The bushfish has a bigger mouth than it looks, so your tetras will be eaten sooner than you think. The ones in the article ate angelfish.


----------



## bumpy23 (Oct 27, 2009)

the article stated culled angel fish so I am assuming angel babys, and the article also stated fish up to 1 inch long , my colombians get 2 1/2 inches long and have a shape that make them hard to swallow but we will see. I was told the climbing perch was a slow grower so that will give my fish time to grow . if not i will trade them in and purchase congo tetras


----------



## bumpy23 (Oct 27, 2009)

btw the board said west african species, i didnt know this forum was strictly for cichlids . hate to use two fish board just to get info about my fish


----------



## Mcdaphnia (Dec 16, 2003)

bumpy23 said:


> btw the board said west african species, i didnt know this forum was strictly for cichlids . hate to use two fish board just to get info about my fish


 Good point. It doesn't say West African cichlids does it, and some cichlid keepers may have an interest in geographically correct tankmates for their cichlids.


----------



## Jayhawk (Sep 21, 2002)

I've had one for nearly 2 years now. My guy is about 4" or 4.5" long, and he eats everything in site. However, when he was new, he took a few days before he began eating...and he was really shy initially, too.

Now, he's always begging - much like an anabantoid oscar. I have two cherry barbs in with him (along with some variatus platys, 3 Thysochromis ansorgii, and a clown pleco). The cherry barbs are about 1.5" long (I've had them for about 7 years now...I keep expecting them to either pass on or be eaten, but the bushfish shows no interest even though he could easily fit them in his huge mouth).

Bloodworms or ghost shrimp can stimulate appetite if need be, but I think time will solve your problems.

Eric


----------



## bumpy23 (Oct 27, 2009)

ok cool well i did order some dried tubifex worms, and i live two blocks from the gulf of mexico so i can get ghost shrimp but i dont wanna start live yet, i seen him going after the flakes but its on his own terms. They like to stalk their food i notice and when you are not watching.

I also got snails in my tank from some plants years ago i put 3 cups of ammonia in my tank once to kill them snails and i drained the tank the next day . do you know them snails came back after a month or so . I notice him picking at stuff when i watch him by the drift wood etc. I assume he likes small snails?


----------



## Jayhawk (Sep 21, 2002)

I only have malaysian trumpet snails, and he doesn't touch those (eve my figure 8 and dwarf puffers lefts those alone...unless I crushed them with plier for them). However, I wouldn't be surprised if he eats pond type snails.

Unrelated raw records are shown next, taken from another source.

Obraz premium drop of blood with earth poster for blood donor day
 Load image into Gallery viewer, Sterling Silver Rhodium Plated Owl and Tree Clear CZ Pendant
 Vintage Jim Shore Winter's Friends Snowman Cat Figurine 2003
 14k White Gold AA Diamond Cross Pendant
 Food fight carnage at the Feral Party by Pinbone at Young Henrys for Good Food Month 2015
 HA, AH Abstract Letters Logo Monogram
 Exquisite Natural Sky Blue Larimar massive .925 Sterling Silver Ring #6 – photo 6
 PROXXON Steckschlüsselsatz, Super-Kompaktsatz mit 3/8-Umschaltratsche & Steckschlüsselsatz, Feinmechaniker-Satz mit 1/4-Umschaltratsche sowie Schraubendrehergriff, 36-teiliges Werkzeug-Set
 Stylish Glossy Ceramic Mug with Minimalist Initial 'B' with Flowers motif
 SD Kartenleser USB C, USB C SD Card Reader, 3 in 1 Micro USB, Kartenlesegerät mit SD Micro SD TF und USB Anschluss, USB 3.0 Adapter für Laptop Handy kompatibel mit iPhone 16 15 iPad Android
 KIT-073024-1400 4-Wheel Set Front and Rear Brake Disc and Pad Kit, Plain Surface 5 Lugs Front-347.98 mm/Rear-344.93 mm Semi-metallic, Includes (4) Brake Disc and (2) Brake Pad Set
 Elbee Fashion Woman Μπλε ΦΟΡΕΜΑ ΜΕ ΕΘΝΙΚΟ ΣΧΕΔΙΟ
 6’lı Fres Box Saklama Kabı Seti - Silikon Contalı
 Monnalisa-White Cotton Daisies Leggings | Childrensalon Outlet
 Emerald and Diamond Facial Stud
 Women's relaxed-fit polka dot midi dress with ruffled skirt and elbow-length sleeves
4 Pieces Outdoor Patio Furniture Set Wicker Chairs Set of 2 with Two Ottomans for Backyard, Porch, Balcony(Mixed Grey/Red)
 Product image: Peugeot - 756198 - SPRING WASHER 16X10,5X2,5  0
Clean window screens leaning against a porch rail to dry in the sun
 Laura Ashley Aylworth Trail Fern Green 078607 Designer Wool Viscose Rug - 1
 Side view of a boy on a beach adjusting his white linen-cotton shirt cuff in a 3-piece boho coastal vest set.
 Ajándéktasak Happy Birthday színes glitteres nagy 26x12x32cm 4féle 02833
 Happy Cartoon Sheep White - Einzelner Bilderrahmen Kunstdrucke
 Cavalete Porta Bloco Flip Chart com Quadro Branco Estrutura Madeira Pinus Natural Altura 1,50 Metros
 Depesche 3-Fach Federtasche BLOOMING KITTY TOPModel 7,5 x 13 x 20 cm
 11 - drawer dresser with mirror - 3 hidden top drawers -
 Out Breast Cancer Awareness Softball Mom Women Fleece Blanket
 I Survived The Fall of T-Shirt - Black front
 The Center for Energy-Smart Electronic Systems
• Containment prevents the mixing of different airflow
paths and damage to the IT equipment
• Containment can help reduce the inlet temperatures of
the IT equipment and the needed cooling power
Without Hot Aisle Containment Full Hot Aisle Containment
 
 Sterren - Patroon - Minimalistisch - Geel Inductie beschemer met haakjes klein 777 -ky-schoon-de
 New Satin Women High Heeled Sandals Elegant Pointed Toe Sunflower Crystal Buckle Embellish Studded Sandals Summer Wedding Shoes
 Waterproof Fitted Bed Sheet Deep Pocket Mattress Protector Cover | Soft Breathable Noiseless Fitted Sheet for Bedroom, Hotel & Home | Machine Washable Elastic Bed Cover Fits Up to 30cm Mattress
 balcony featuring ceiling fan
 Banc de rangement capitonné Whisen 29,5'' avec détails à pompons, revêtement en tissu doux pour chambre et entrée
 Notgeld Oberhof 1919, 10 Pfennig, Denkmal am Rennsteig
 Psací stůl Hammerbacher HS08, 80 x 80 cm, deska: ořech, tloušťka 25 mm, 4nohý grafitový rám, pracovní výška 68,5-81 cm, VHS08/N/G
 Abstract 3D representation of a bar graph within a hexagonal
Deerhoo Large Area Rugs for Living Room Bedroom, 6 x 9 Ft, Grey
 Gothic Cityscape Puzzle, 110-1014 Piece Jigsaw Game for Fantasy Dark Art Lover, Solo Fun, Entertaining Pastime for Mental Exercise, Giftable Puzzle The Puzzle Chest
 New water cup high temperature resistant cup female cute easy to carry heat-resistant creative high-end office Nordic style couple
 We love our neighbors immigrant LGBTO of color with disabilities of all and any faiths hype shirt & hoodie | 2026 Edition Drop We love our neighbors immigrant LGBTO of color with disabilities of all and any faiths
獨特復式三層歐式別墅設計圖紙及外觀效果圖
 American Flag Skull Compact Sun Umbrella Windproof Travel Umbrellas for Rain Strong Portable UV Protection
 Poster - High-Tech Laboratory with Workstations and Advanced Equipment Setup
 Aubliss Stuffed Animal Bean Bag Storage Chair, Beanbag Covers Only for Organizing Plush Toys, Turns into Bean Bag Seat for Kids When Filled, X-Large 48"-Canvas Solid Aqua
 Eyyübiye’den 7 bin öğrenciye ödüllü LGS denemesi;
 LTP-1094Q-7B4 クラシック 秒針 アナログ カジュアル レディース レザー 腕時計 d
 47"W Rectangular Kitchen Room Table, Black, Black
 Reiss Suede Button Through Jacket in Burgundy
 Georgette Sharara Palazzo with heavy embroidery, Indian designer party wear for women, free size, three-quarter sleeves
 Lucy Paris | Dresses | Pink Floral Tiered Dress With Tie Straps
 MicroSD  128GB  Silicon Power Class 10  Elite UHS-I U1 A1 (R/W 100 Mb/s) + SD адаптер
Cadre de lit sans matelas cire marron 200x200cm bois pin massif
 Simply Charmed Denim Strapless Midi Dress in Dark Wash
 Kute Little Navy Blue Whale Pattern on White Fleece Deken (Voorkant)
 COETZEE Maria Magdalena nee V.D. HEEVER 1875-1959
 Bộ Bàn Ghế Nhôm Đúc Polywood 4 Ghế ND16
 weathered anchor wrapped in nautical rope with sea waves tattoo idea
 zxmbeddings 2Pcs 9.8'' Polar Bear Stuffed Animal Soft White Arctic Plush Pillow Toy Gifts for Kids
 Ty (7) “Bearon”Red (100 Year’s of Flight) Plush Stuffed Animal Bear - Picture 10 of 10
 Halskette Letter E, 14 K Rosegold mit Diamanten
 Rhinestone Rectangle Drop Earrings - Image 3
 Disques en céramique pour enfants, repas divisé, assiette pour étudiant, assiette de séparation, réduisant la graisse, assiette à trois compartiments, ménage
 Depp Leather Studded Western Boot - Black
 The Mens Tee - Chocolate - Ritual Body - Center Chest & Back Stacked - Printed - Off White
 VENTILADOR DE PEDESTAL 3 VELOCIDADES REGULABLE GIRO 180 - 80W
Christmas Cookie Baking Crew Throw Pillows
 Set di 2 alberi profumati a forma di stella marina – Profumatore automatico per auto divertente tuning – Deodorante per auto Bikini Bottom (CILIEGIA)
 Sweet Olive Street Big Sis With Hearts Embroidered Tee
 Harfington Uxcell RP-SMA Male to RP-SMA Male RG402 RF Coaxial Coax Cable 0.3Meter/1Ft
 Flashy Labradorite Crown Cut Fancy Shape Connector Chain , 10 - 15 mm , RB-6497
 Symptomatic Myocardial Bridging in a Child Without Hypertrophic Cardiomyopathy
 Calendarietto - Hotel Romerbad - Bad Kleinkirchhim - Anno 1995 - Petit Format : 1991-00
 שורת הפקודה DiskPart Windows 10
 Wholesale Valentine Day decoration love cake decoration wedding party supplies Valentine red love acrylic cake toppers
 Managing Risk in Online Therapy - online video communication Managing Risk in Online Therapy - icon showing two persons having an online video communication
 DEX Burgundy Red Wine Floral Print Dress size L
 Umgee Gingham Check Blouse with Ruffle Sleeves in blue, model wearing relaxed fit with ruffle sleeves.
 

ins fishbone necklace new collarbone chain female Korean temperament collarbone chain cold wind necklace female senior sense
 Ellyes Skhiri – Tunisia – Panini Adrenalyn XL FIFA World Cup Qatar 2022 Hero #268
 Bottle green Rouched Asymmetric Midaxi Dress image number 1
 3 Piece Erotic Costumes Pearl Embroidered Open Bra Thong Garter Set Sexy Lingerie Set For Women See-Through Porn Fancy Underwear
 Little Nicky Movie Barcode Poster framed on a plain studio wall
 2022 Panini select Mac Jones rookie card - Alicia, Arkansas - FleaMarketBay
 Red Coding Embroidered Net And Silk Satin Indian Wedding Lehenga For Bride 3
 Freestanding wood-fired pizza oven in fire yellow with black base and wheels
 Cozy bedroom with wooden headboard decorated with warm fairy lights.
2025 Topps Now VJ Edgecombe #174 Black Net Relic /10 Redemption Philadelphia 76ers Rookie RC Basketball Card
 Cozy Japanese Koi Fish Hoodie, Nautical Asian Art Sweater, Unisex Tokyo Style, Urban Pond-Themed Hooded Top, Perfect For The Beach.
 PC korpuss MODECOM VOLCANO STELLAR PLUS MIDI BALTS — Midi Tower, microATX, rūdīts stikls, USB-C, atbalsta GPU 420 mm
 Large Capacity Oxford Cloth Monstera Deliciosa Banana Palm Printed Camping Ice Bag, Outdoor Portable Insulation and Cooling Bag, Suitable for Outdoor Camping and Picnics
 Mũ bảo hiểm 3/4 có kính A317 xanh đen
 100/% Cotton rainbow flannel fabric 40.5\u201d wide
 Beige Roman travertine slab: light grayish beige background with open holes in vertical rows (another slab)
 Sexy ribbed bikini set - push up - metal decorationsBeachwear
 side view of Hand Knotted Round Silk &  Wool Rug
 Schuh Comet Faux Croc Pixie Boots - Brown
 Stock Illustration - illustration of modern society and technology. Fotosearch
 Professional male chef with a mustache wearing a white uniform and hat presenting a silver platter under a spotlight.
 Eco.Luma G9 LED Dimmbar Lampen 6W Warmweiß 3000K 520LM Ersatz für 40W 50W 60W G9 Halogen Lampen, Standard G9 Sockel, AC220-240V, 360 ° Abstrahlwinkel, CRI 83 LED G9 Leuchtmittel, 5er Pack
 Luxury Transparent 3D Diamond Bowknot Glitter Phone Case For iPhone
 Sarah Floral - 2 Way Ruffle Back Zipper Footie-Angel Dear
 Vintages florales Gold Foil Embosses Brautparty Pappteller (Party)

Your guy sounds like mine. For nearly a month he seemed to eat very little, hiding and stalking food that floated down, etc. You might try sinking bottom feeder pellets (I break them up and he and the cichlids get them before they hit bottom) or those small dried shimp pellets (he loves those, too).

With time, your guy will likely be like mine...waiting nose up for the flakes (eating just a few of those - he's not as quick as the other fish) and then he vacuums up the bottom feeder pellets or shrimp pellets. I think the fact these foods sink down in front of him and he has to strike at them makes them very attractive to him.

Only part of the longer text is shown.